Turkey shoot is well paced, keeping you involved by moving through different scenarios whilst always keeping the tension and cruelty coming. It’s edited well, so you can easily follow the movie. The jungle scenes make Tarzan movies seem a bit lame as our main characters are pursued relentlessly and fired on by all manner of weapons by a larger than life group of over privileged, sadistic, nobles.
Interestingly, a lot of reviews I came across panned the film. Even actors within the movie described it as grotesque. This was possibly due to the gore and cruelty of the time. By today’s standards, it’s a bit tame in those areas. Shows such as The Walking Dead and Game of Thrones have well surpassed this in gore. Game of Thrones, Spartacus and a few bazillion other shows are way heavier than Turkey Shoot when it comes to nudity. I think this attitude really comes down to Australians themselves.
I went through this same bullshit when I was a cartoonist trying to sell my comic, “Punkz In Space.” Australian newspaper editors would be afraid that the idea of punks in a comic could be offensive. Within a couple of years, The Simpsons, Ren & Stimpy and others were flooding the Aussie market and Punkz in Space seemed very innocent. Turkey shoot is not some third rate grotesque movie. The only thing bad is our cultural cringe.
As far as the Ozploitation tag goes, I can only say that it was Ozploitation in its day. If it came out today, and from the USA, it probably wouldn’t get the “exploitation” tag at all.

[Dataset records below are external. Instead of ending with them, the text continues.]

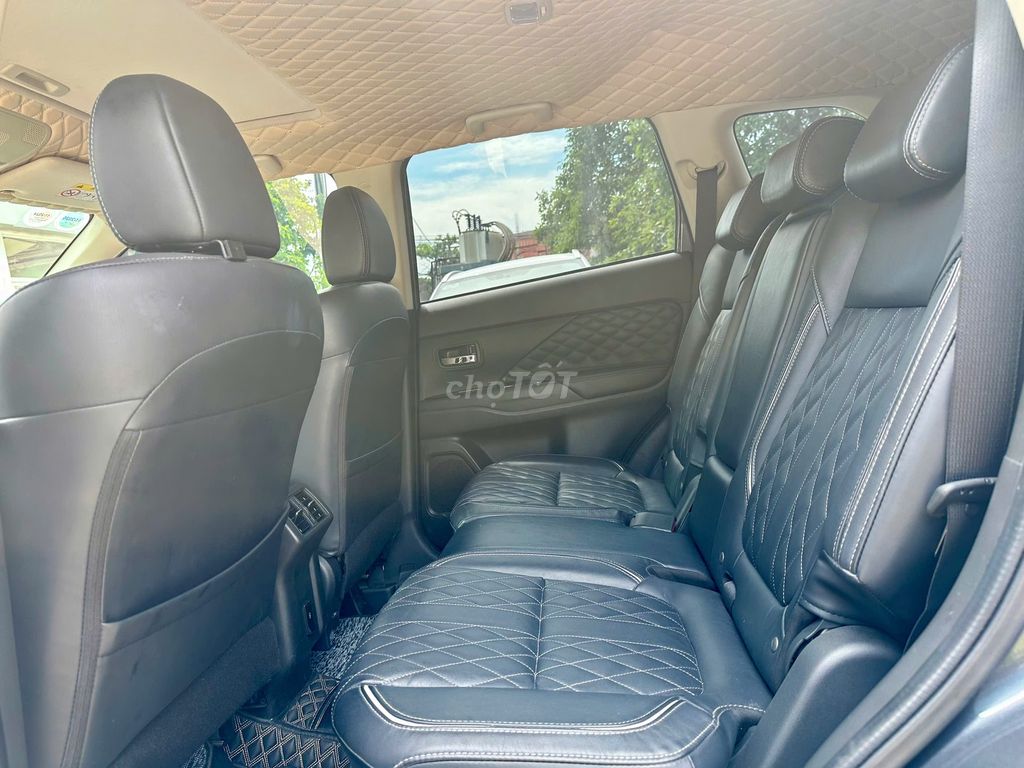 Mitsubishi Outlander Pre 2023 màu đen-30000km. Mua bán Ô tô tại Quận Bình Tân Tp Hồ Chí Minh được đăng bởi Oanh Lê hình 9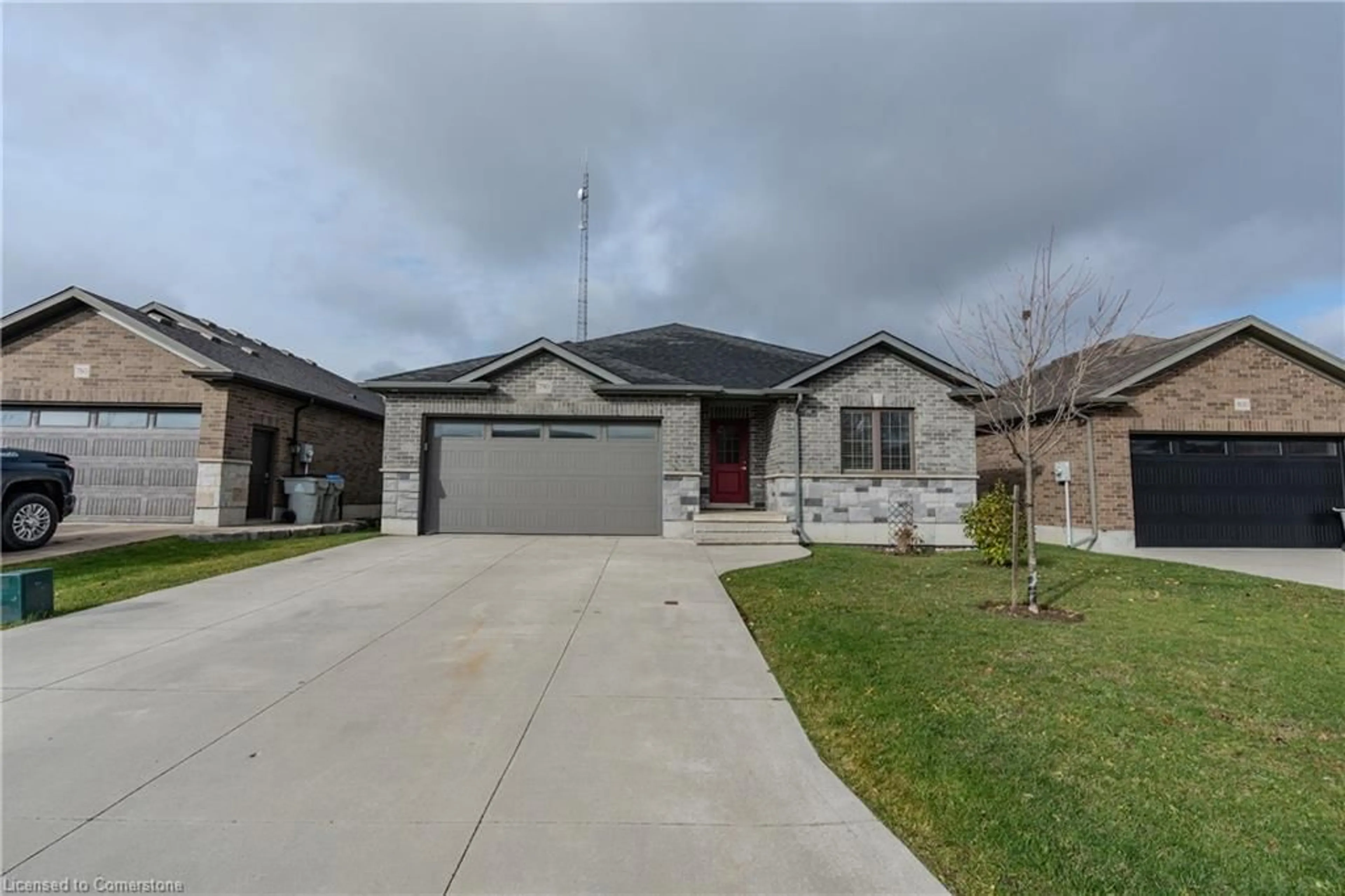 Frontside or backside of a home, the street view for 790 Davidson Ave, Listowel Ontario N4W 0G7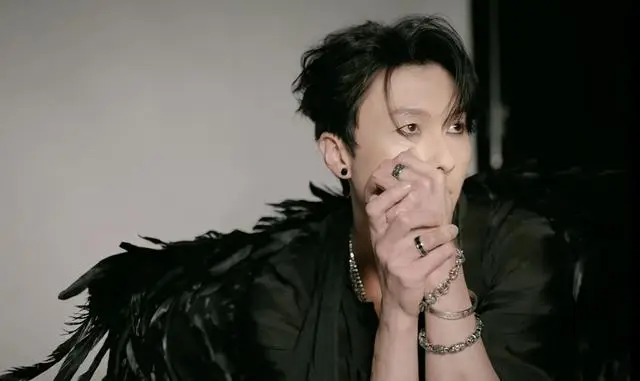 TVB知名视帝新造型再度受质疑，吓坏网民，被指很恐怖  第4张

Stand out performances are by Roger Ward, Lynda Stoner and Noel Ferrier. The one drawback I found was the usage of overseas actors that so many Aussie directors feel are needed if they wish to sell their movies internationally. I really couldn’t say that Olivia Hussey or Steve Railsback brought anything special to the movie. Both were good, but it’s our the local actors that really shone through. This isn’t a dig at overseas actors.
There were plenty of locals, such as Gus Mercurio, that were born overseas and settled here. I just felt that Olivia and Steve were patchy in their performances. As the movie goes on, they really come into their own and deliver some amazing scenes, however, they start off so wooden that some viewers might be tempted to just turn the movie off. All up, the movie is an enjoyable watch from beginning to end. In fact, if you are into Aussie movies and like a bit of sci fi/ action, then Turkey Shoot is a must see.